▶ **Your objective**
In the entries below, repeat only the lines between those holding "Sofá em Pele Vermelho" and "433 Tappan Road", inclusive. Leave pictures out.

▶ **Input for this task**
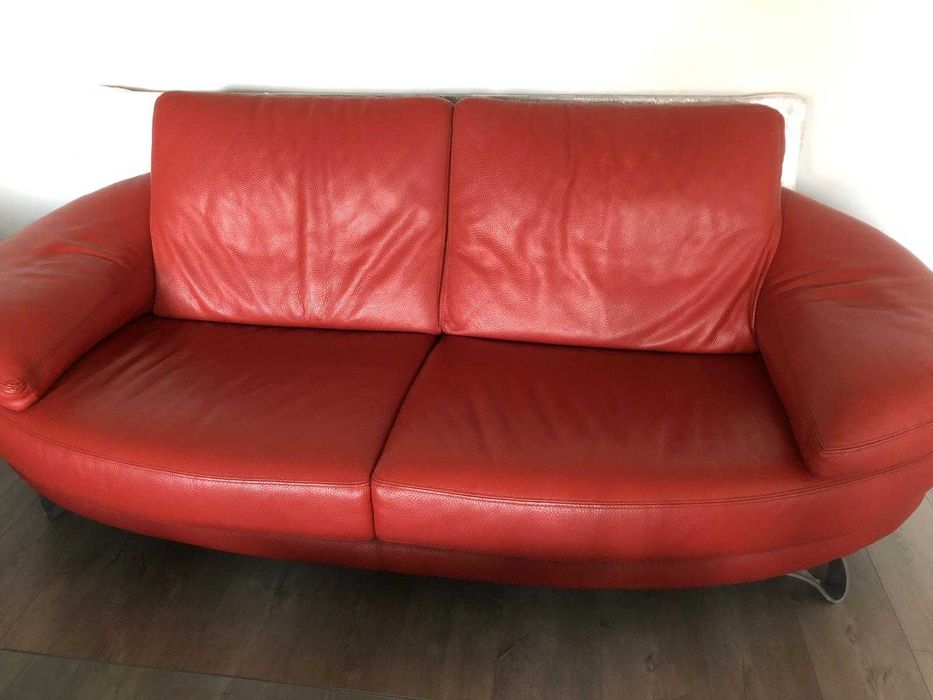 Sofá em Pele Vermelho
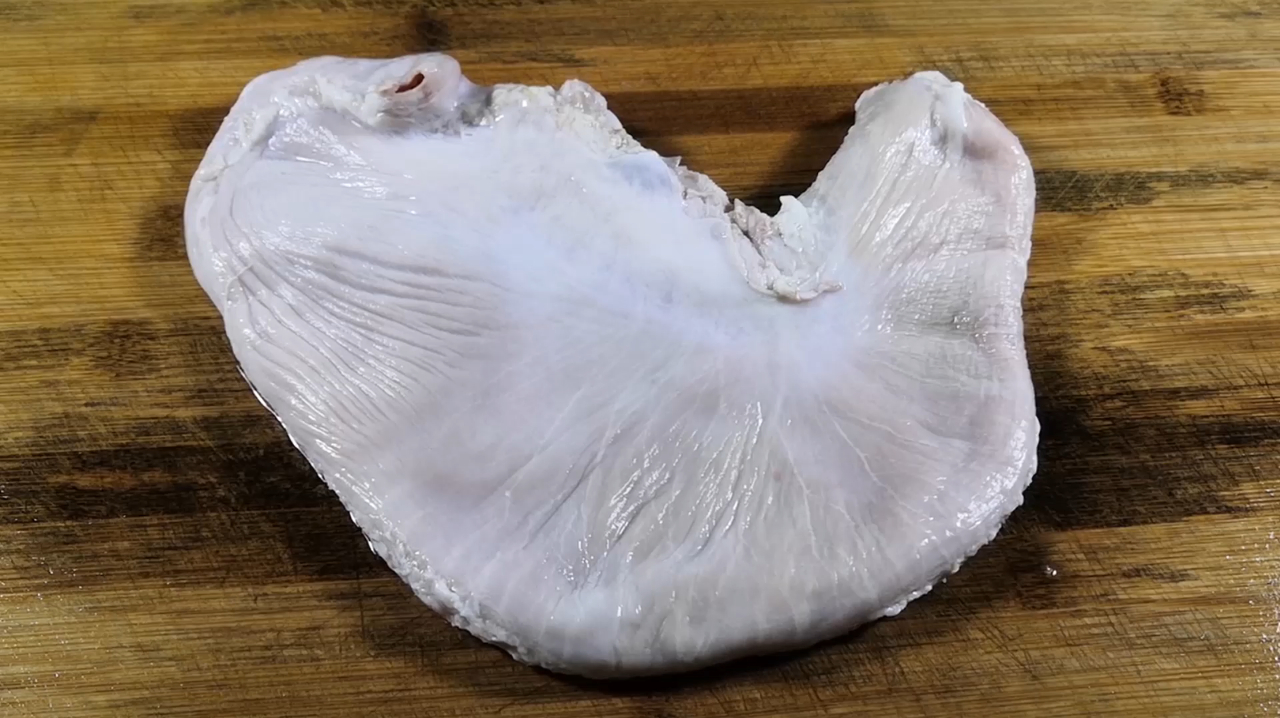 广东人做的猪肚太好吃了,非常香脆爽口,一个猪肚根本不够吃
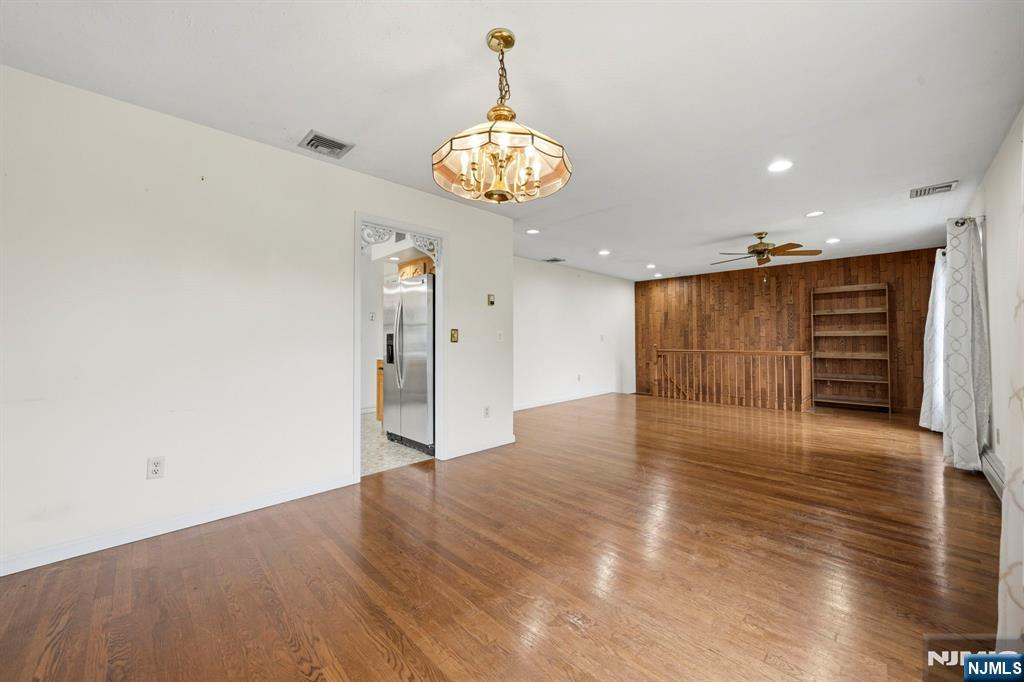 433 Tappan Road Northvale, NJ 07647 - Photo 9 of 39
---
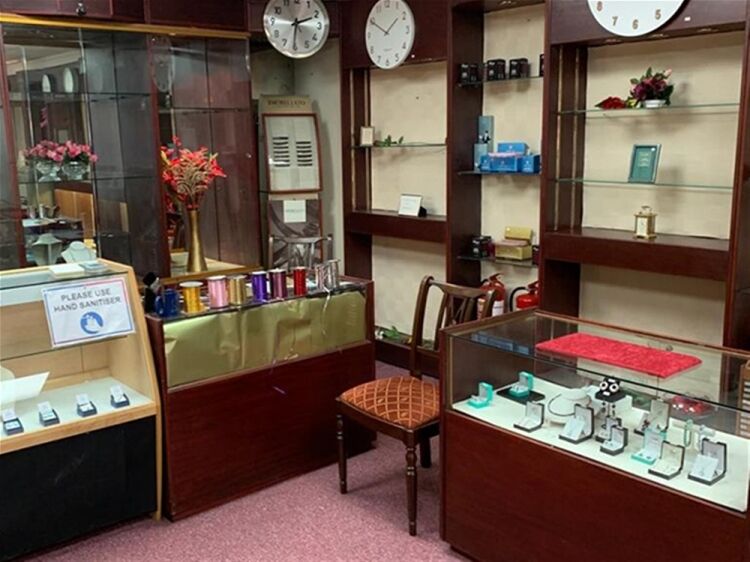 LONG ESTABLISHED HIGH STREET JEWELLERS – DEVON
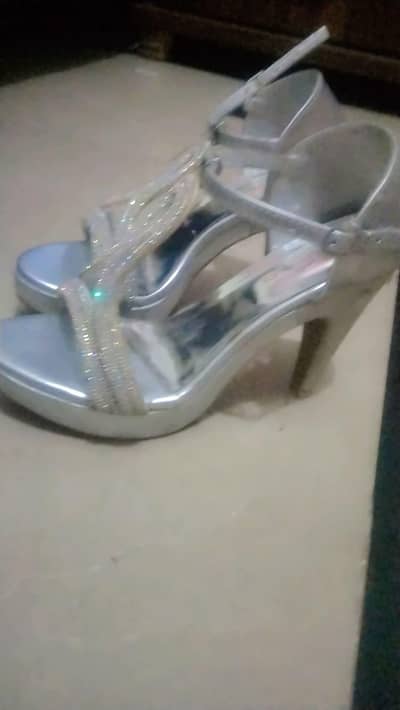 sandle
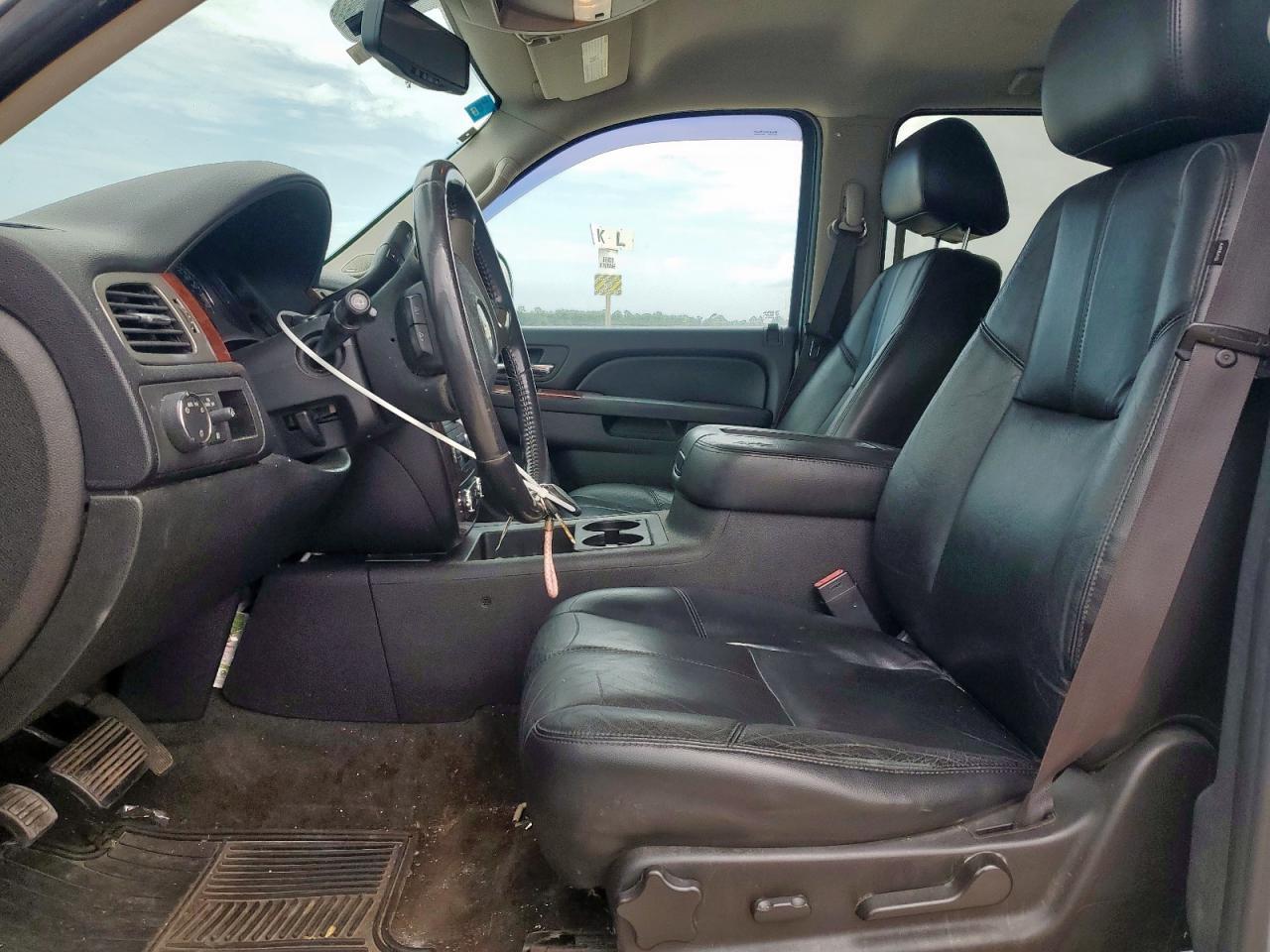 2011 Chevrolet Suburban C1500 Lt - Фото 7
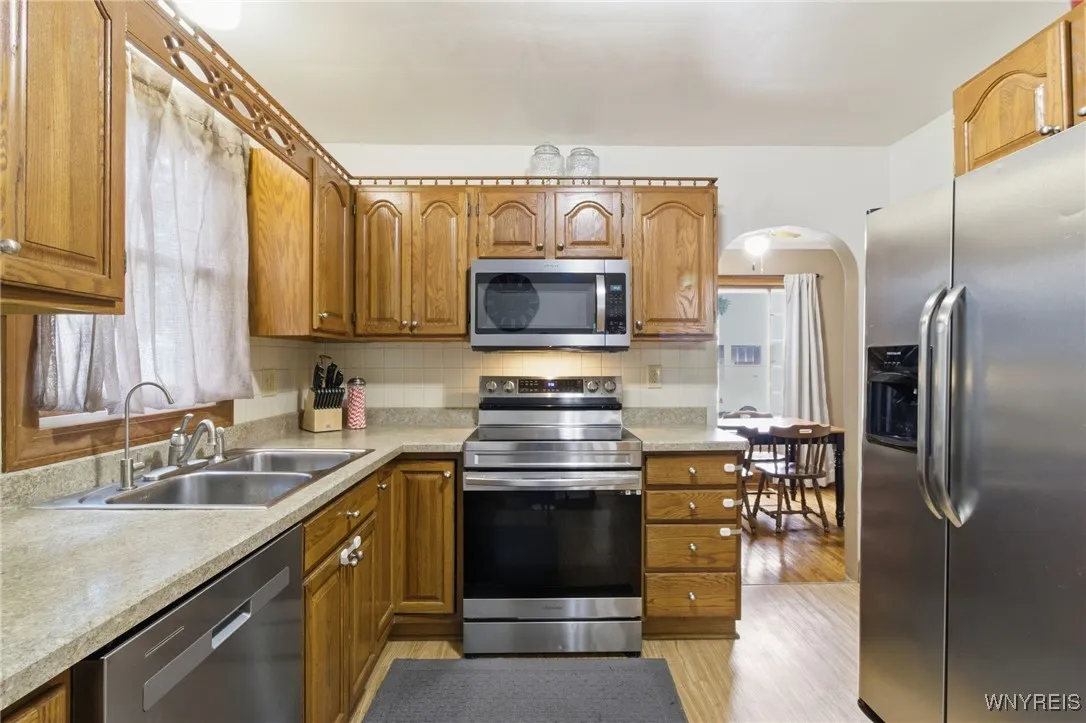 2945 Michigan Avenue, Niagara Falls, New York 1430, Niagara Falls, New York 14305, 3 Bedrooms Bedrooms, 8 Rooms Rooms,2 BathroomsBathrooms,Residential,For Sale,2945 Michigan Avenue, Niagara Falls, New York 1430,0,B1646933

▶ **Task output**
 Sofá em Pele Vermelho
 广东人做的猪肚太好吃了,非常香脆爽口,一个猪肚根本不够吃
 433 Tappan Road Northvale, NJ 07647 - Photo 9 of 39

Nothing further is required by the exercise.